Все это, конечно, стало известно мне впоследствии, тогда же я был в полном неведении, был ошеломлен роскошной передней с зеркалами да и самим видом журналиста, седая грива которого была мне знакома по фотографии. Повторяю, журналист, судя по тому, что он сам хотел скрыться от нас, ныне в опеке со стороны не нуждался и если подчинялся в этом смысле жене, то явно не без тайной мысли переложить на нее нравственную ответственность за свое решение прекратить финансовую помощь реабилитированным. Тут, как оказалось, много сделал также и Висовин, написавший журналисту письмо, в котором просил более не присылать ему денег, и, возможно, даже позволивший себе намеки относительно истинных целей, на которые эти деньги употребляются. Подробностей мы, конечно, в тот момент, стоя в передней, не знали, но в общих чертах даже и я некий поворот в отношении к нам журналиста осознал. Тем более, не сомневаюсь, засек его и Щусев.

– А вот и вы, – сказал Щусев и, буквально оттолкнув домработницу, прошел вглубь квартиры к журналисту.

Как выяснилось (вообще многое почерпнуто потом из рассказов самого действующего лица либо его близких и мной переработано), итак, как выяснилось, в последнее время, с новым поворотом от долга к анализу и созерцанию, журналист редко бывал добр и растерян перед напором, как прежде, а чаще остер и насмешлив, однако болезнь Коли выбила его из колеи и в какой-то степени напомнила о долге и ошибках. Так что Щусева, после того как обман не удался, журналист встретил доброй, растерянной, задумчивой улыбкой, почти такой же, какой он ответил в свое время на пощечину Висовина.
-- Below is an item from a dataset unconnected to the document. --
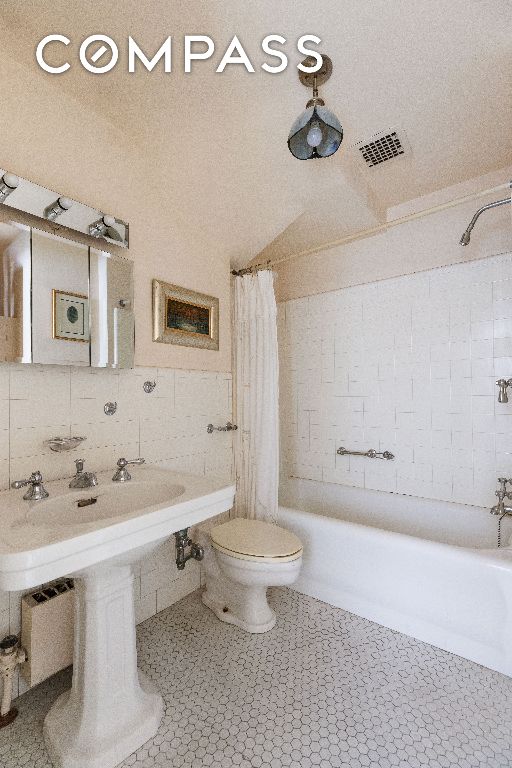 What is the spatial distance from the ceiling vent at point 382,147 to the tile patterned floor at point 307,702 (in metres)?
2.32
Эта улыбка (пассивная улыбка, чем она резко отличалась от циничной активной улыбки после третьей пощечины), эта улыбка была последним, что я увидел, ибо домработница Клава, очевидно по простоте своего сознания, в сложившейся ситуации прежде всего рассудила, что с одним будет справиться легче, чем с двумя, и, воспользовавшись моей нерешительной позой на пороге у открытой двери, вдруг сильно схватила меня привыкшими к физическому труду руками и при этом, не стесняясь, прижалась ко мне своей довольно упругой грудью деревенской бабы. Я не успел ничего сообразить, как от сильного, мужского толчка оказался на площадке. Дверь передо мной захлопнулась, и мы со Щусевым были таким образом отрезаны друг от друга. Первоначально я растерялся и хотел даже уйти, но все-таки потоптался еще минуту-другую у двери, и весьма кстати, ибо дверь вскоре распахнулась и я увидел женщину, которая наглядно демонстрировала, как годы и страдания могут впоследствии видоизменить Машу.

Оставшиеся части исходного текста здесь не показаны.